Authorities in the labour sector say they are working on popularising access to skills development towards aligning aspirations in the Malawi 2063.
According to Labour Minister Vera Kamtukule, much as government does not have adequate resources to reach out to all young people with required skills, her ministry is working on mobile skills development through the Technical, Entrepreneurial and Vocational Education and Training (TEVET) Authority.
She said: “If you look at the Malawi 2063, one of the critical pillars therein is the human development and under the human development we are looking at skills development very much.”
“So as a government, we have come up with a way of ensuring that we are democratising access to skills by ensuring that whoever wants to have skills should have them.”

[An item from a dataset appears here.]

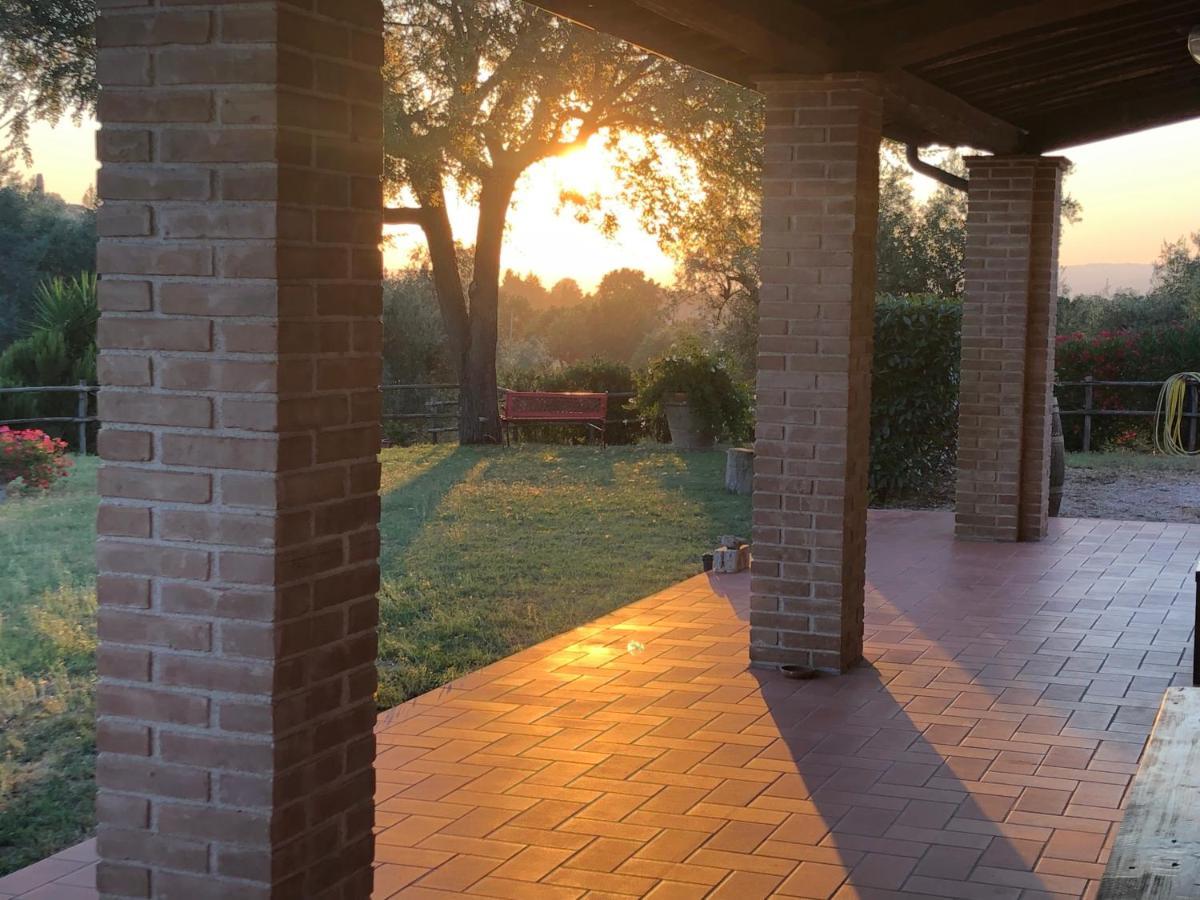 Agriturismo Il Saragiolo Villa Montemerano Buitenkant foto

Kamtukule said through the programme, well trained individuals will be certified in various professions so that they venture into their own business or get employed.

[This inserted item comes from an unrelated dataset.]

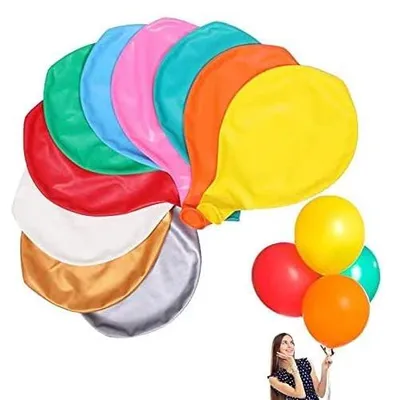 Produktbild von Riesen-Luftballons - 36 Zoll Durchmesser - Aus Latex - 10 Stück - Für Dekorationen und Veranstaltungen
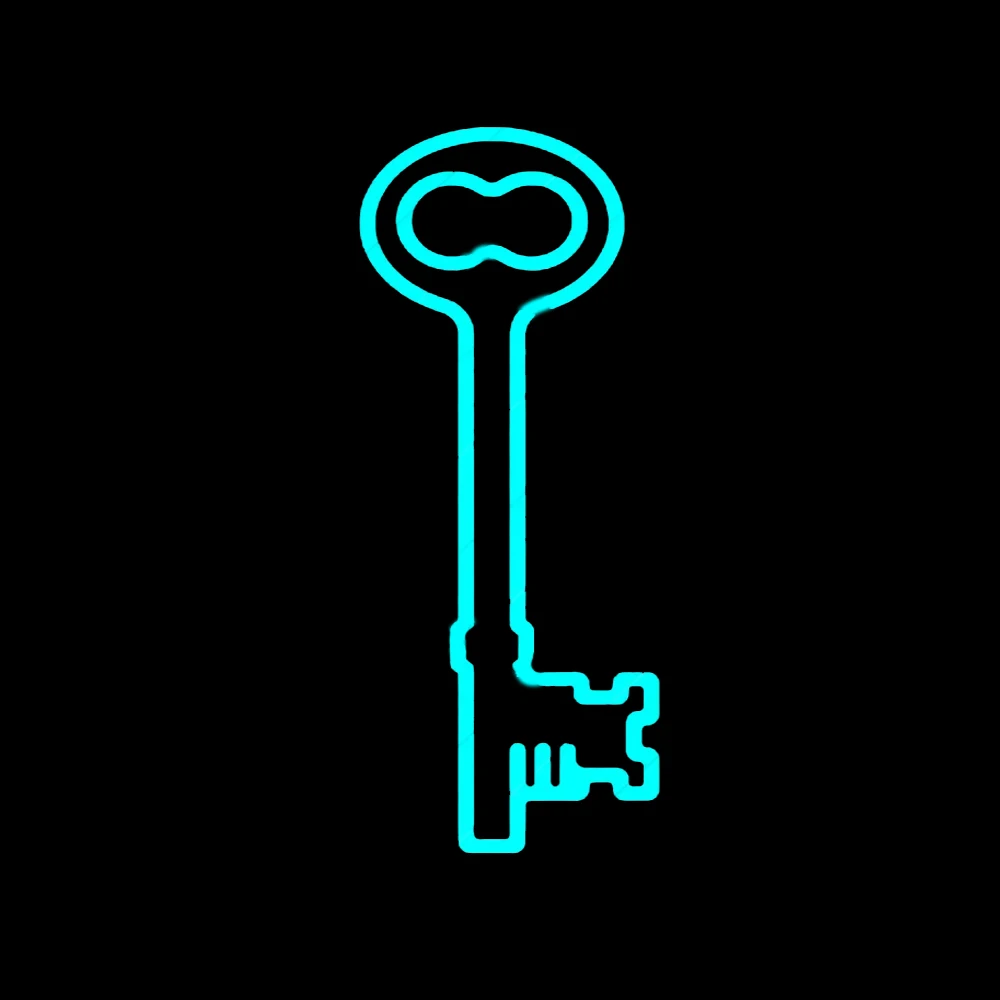 ESCAPE ROOM Key Game Neon Sign Lamp Custom Handmade Real Glass Tube Personalize Deco Advertise Display Light 8"X19"
ESCAPE ROOM Key Game Neon Sign Lamp Custom Handmade Real Glass Tube Personalize Deco Advertise Display Light 8"X19"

“We have got a programme in the Ministry called the Recognition to Prior Learning about which is like an informal programme where people have skills already, there is a way of accessing them,” Kamtukule said.

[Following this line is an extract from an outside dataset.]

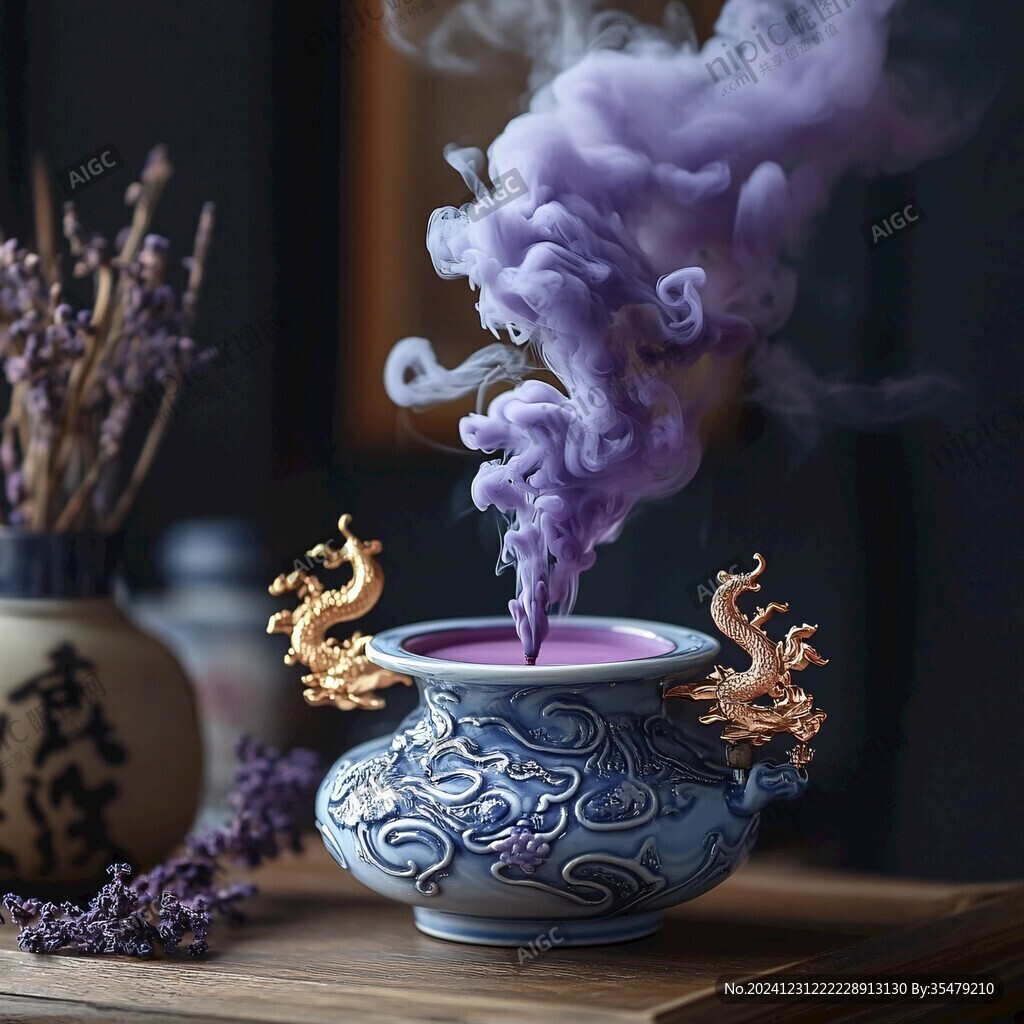 紫宵宫香炉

“To understand what their skill base is all about and then you certify them and then reach the in the industries where they can establish themselves but also use those certificates to find jobs for themselves.”
Recently, Minister of Finance and Economic Affairs Sosten Gwengwe told the National Assembly that to move from rhetoric to action in youth empowerment.
The Tonse Alliance administration trained 3,043 youths under business incubation programme in the 2021/2022 fiscal year.
Gwengwe said 1,022 of the trained youths are now running their own small and medium-sized businesses and have created over 1,000 jobs.